ShouldRebuildDependents(oldWidget InheritedWidget) bool
}
type LayoutBuilderElement
LayoutBuilderElement hosts a LayoutBuilderWidget, deferring child building to the layout phase so the builder function receives actual constraints.
This element uses a dual-trigger invalidation model:
- Layout-phase trigger: when the parent's constraints change, the render object calls layoutCallback during PerformLayout and the element re-invokes the builder with the new constraints.
- Build-phase trigger: when an inherited dependency changes or the widget is updated, LayoutBuilderElement.RebuildIfNeeded translates the dirty flag into childDirty and calls MarkNeedsLayout on the render object, which schedules a new layout pass that re-invokes the builder.
LayoutBuilderElement implements [renderObjectHost], allowing descendant RenderObjectElements to attach their render objects through it.
type LayoutBuilderElement struct {
// contains filtered or unexported fields
}
func NewLayoutBuilderElement
func NewLayoutBuilderElement(widget LayoutBuilderWidget, owner *BuildOwner) *LayoutBuilderElement
NewLayoutBuilderElement creates a LayoutBuilderElement for the given widget. The owner may be nil during widget testing; it is set by the framework when the element is mounted into a live tree.
func (*LayoutBuilderElement) Mount
func (e *LayoutBuilderElement) Mount(parent Element, slot any)
Mount creates the render object, registers the layout callback on it, attaches to the render tree, and marks the child as needing its first build. Child building is deferred until the first layout pass.
func (*LayoutBuilderElement) RebuildIfNeeded
func (e *LayoutBuilderElement) RebuildIfNeeded()
RebuildIfNeeded handles build-phase invalidation (e.g. inherited dependency changes). Child building is still deferred to layout, but we must translate the dirty flag into childDirty + MarkNeedsLayout so the layout callback re-invokes the builder.

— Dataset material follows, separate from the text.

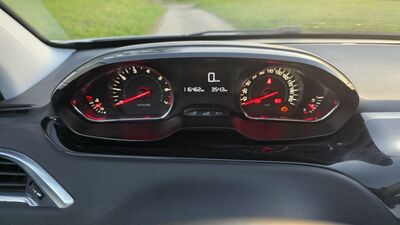 Peugeot 208 Gebrauchtwagen
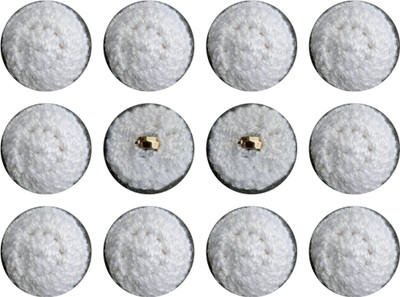 My Little Princess MLP-CR-Button 002A*12 Plastic Buttons(Pack of 12)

func (*LayoutBuilderElement) RenderObject
func (e *LayoutBuilderElement) RenderObject() layout.RenderObject
RenderObject returns the render object owned by this element.
func (*LayoutBuilderElement) Unmount
func (e *LayoutBuilderElement) Unmount()
Unmount recursively unmounts the child element and detaches the render object from the render tree.

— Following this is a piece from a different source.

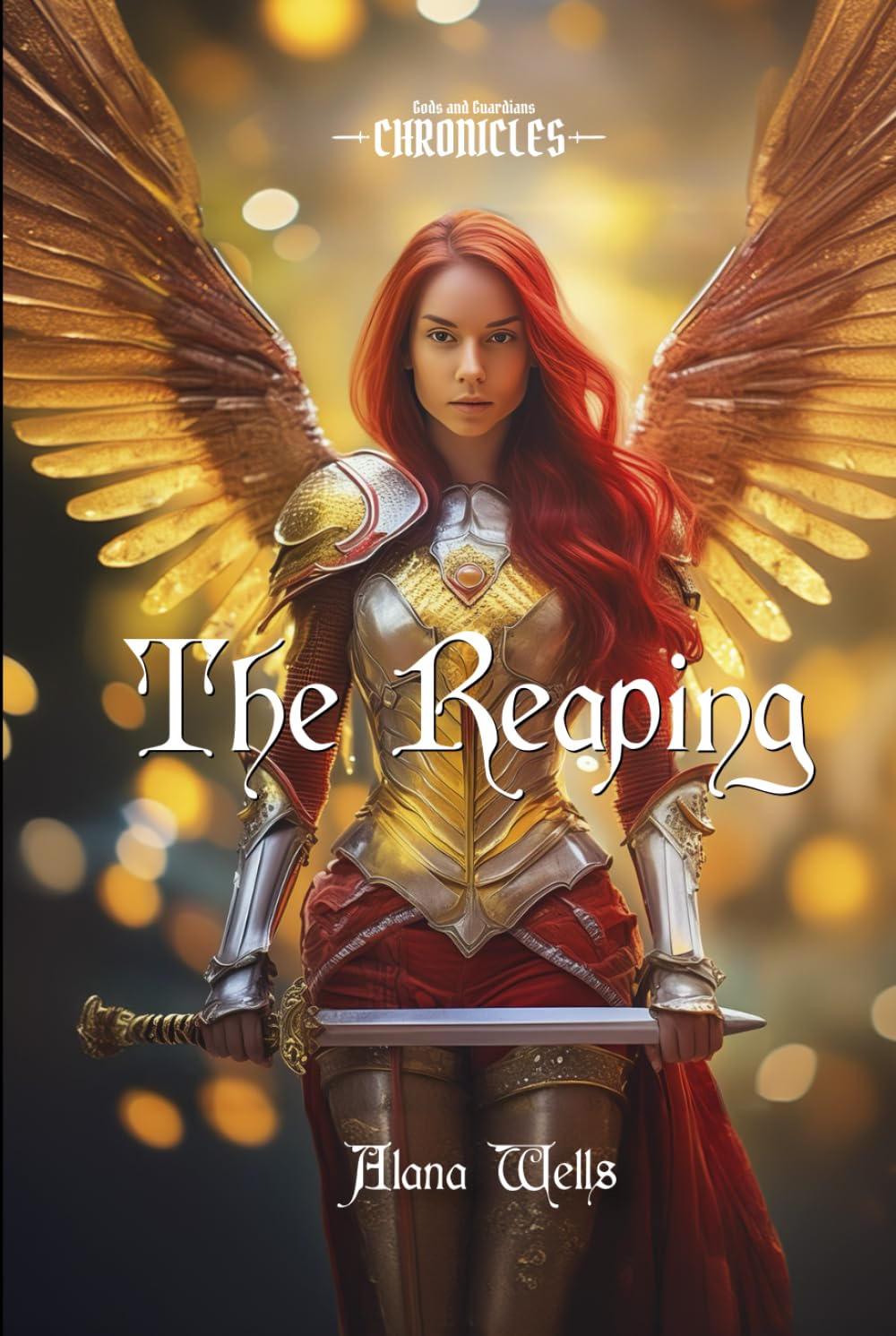 The Reaping: Book 1 of the Gods and Guardian Chronicles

func (*LayoutBuilderElement) Update
func (e *LayoutBuilderElement) Update(newWidget Widget)
Update replaces the widget, marks the child dirty, and triggers a relayout so the layout callback re-invokes the builder with the new widget's function.

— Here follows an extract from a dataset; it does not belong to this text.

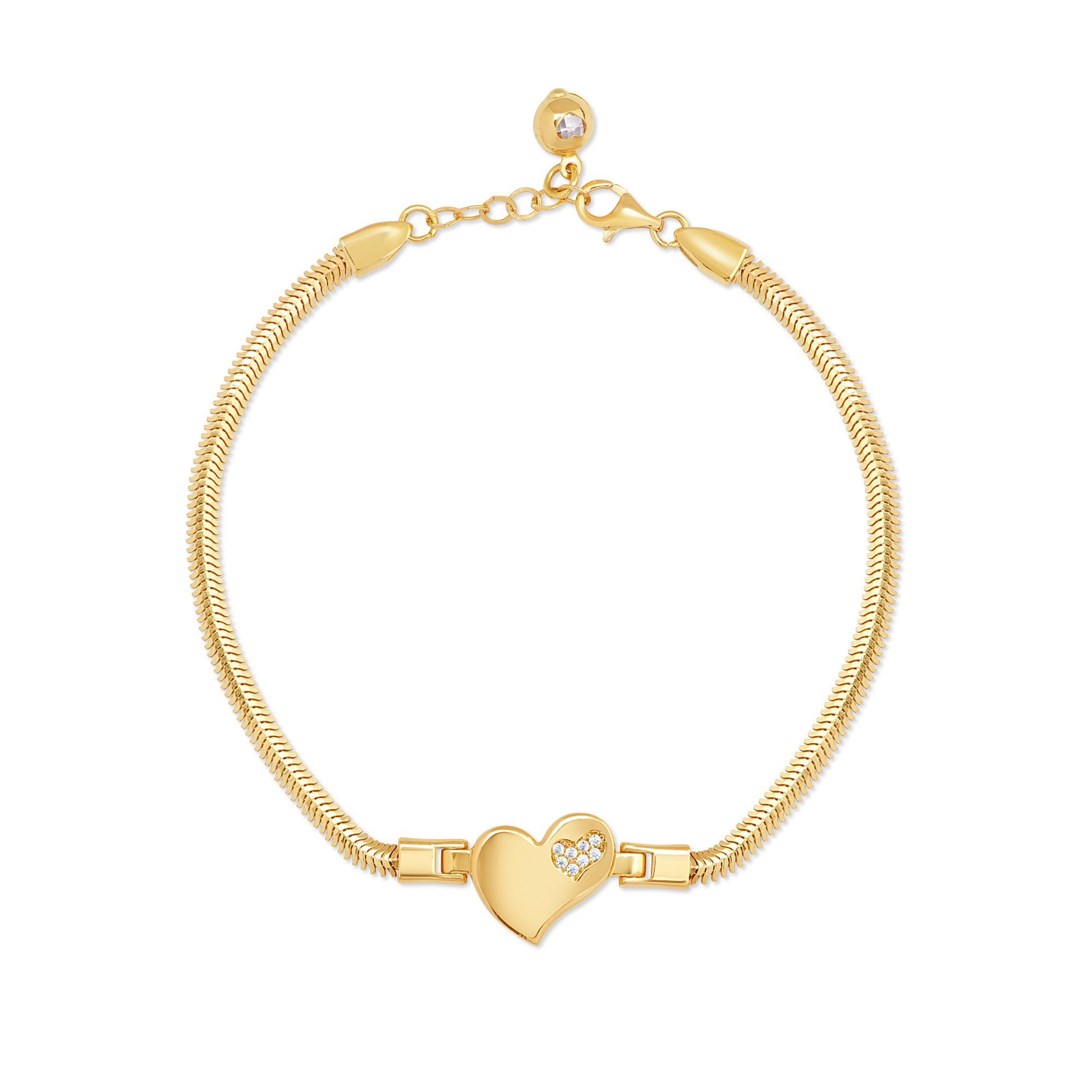 18K Yaralix Gold Bracelet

func (*LayoutBuilderElement) UpdateSlot
func (e *LayoutBuilderElement) UpdateSlot(newSlot any)
UpdateSlot updates the slot and notifies the render parent of the move.
func (*LayoutBuilderElement) VisitChildren
func (e *LayoutBuilderElement) VisitChildren(visitor func(Element) bool)
VisitChildren calls the visitor with the single child element, if present.
type LayoutBuilderWidget
LayoutBuilderWidget is implemented by widgets that defer child building to the layout phase. Unlike standard widgets whose Build runs before layout, a LayoutBuilderWidget provides a builder function that is invoked during the render object's PerformLayout, once the parent's constraints are known.
The LayoutBuilder method returns the builder callback. The element stores this callback and passes it to the render object, which invokes it with the resolved constraints during layout.
type LayoutBuilderWidget interface {
RenderObjectWidget
LayoutBuilder() func(ctx BuildContext, constraints layout.Constraints) Widget
}
type Listenable
Listenable is an interface for types that support untyped change notification. Signal, Derived, and Notifier all satisfy this interface.
Listenable is the dependency type accepted by NewDerived and UseDerived. AddListener should return an unsubscribe function.